Miguel Leonis Adobe, Calabasas, 1960

Miguel Leonis Adobe, Calabasas, built 1844, 1960 photo (modified to nighttime). Courtesy of Historic American Buildings Survey, Library of Congress.

Editor's Note: the Almanac includes the following as legend and folklore - not history. Although some elements in stories may indeed be historical fact, we are unable to verify accounts of paranormal activity. We offer these, along with other stories in Mysterious L.A., only as a part of the cultural fabric of Los Angeles County.

As in all urban areas, there are many locations throughout Los Angeles County that are reported to be locations of paranormal activity. Where there are people, there seem to be spirits of departed people who remain and hang around (or so we are told). Most of these "haunted" locations are privately owned residences and are inaccessible to the public. Here we highlight some of the more famous locations that are more or less open to the public.

Hollywood Park Memorial

Strange lights and sounds have been reported in the vicinity of the Abbey of the Psalms, a mausoleum in Hollywood Park Memorial Cemetery. The mausoleum is said to be haunted by a glowing specter thought to be the late actor Clifton Webb of the original Mr. Belvedere series. Webb died in 1966. He is also said to haunt his old house in the Hollywood Hills.
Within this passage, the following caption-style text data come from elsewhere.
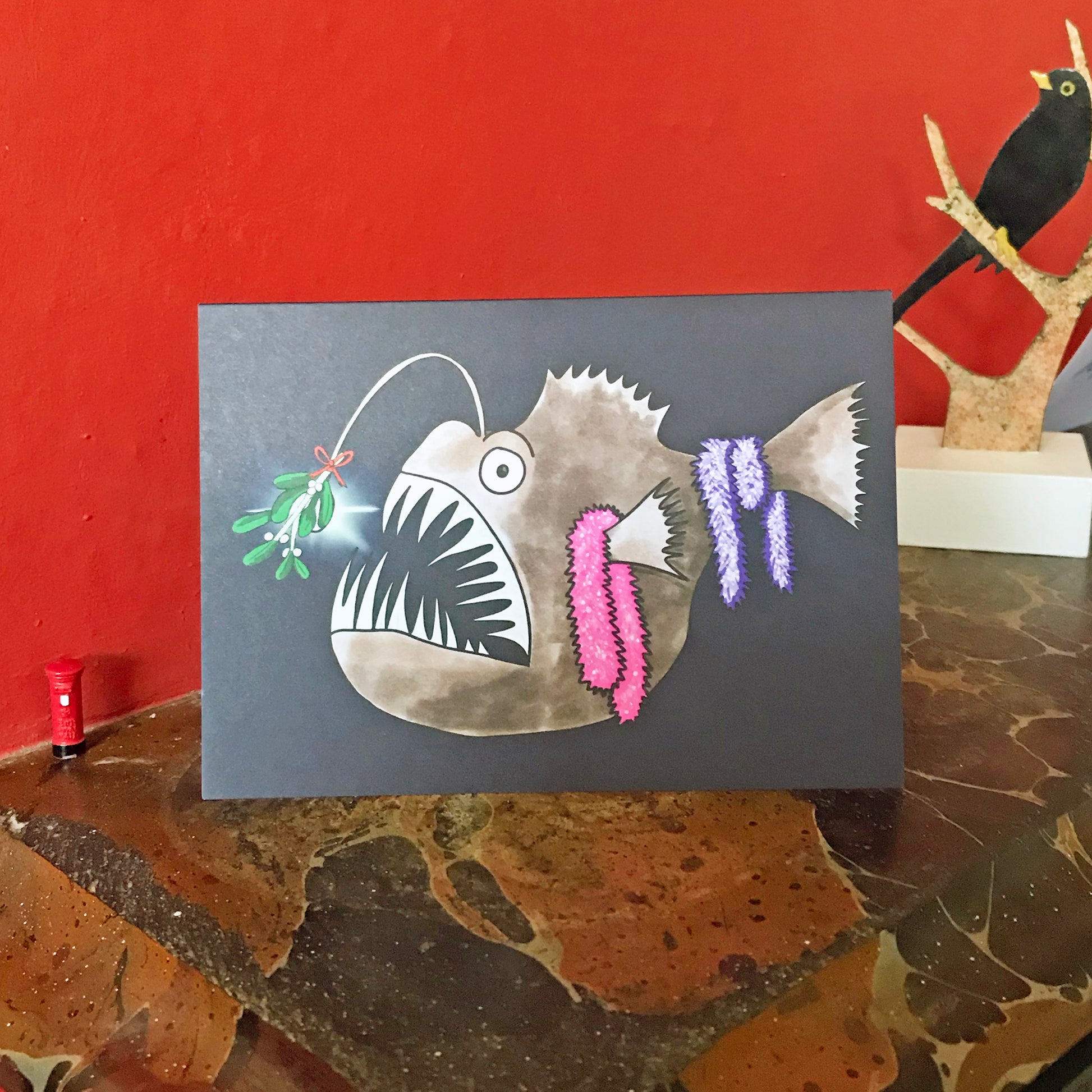 An A6 greetings card showing an illustration by Loadofolbobbins of an Anglerfish in the dark depths of the ocean. It is done in a cartoonish style. There’s a sprig of mistletoe attached to the bioluminescent lure that hangs from its head and some sparkly pink and purple tinsel hanging from its fins and tail. Mainly brown in colour it has a large gaping mouth full of very sharp pale teeth and a big round eye. The card is displayed on a mantelpiece.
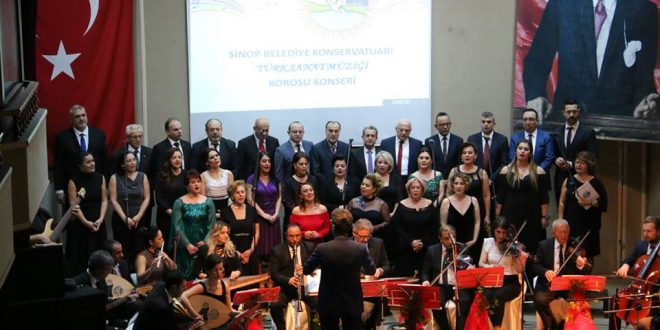 Türk bayrağı eşliğinde sahnede performans sergileyen koro ve orkestra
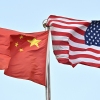Chinese and U.S. flags wave outside a technology company in Beijing, on April 17.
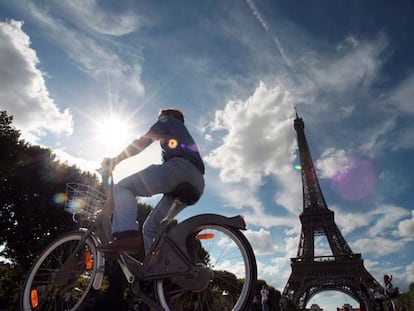 Un cicloturista pedalea por los alrededores de la torre Eiffel.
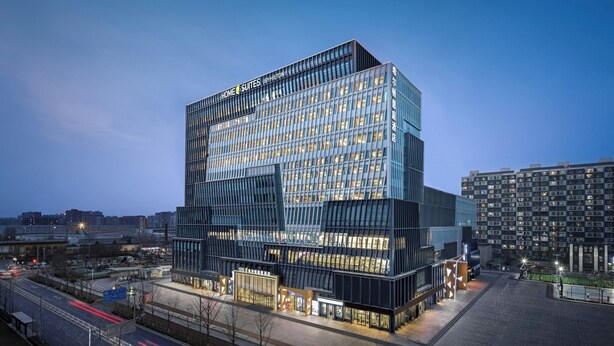 Un hôtel moderne doté d’une façade en verre, de plusieurs étages et d’une enseigne bien visible.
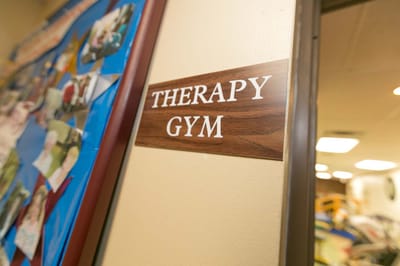 Sign for the therapy gym in a hallway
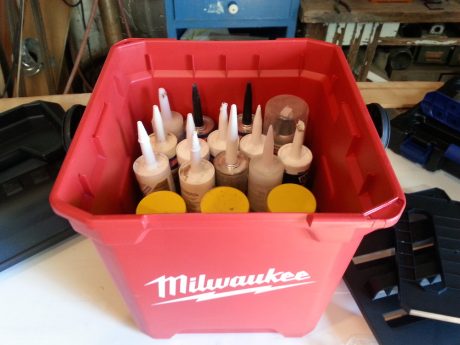The locking lid keeps caulk tubs from rolling all over the truck.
Source: Mysterious California by Mike Marinacci; Panpipes Press.

The Queen Mary

Lights flicker and doors slam on "G" deck - thought to be the location of the ship’s morgue. A ghost of a middle-aged woman in an old-style swimsuit dives into the empty ship’s swimming pool. A young woman in a mini-skirt paces around the pool area and disappears behind a pillar. Unknown sounds of shouting and splashing have been heard from the deserted poolside deck. A mysterious elegantly dressed woman in white has been seen around the salon’s piano. A ghostly ship’s officer has been seen walking near the ship’s bridge. Lights mysteriously turn on and off, dishes move and utensils vanish from a ship’s gallery where a cook was killed in a brawl when the ship ferried troops during World War II. A mysterious black-bearded man in coveralls has been seen riding the engine room escalator. The engine room seems to be the most haunted location on the ship. Ship’s staff and tour guides have reported strange sounds, chains dangling in mid-air and balls of light moving slowly across the walls. No "ghost" on the Queen Mary has yet been identified.
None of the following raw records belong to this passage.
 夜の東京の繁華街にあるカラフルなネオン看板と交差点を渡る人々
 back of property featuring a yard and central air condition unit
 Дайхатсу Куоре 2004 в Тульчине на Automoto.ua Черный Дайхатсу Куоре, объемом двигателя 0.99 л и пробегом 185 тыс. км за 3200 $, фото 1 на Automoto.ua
Tom Hennessy, the late Long Beach Press-Telegram columnist and ghost story skeptic, spent a night near the Queen Mary’s engine room to see for himself. Although he admitted that he could have been skittish and that his mind may have played tricks on him, he reported strange movements of objects, some sort of presence, noises and voices.

Source: Mysterious California by Mike Marinacci; Panpipes Press.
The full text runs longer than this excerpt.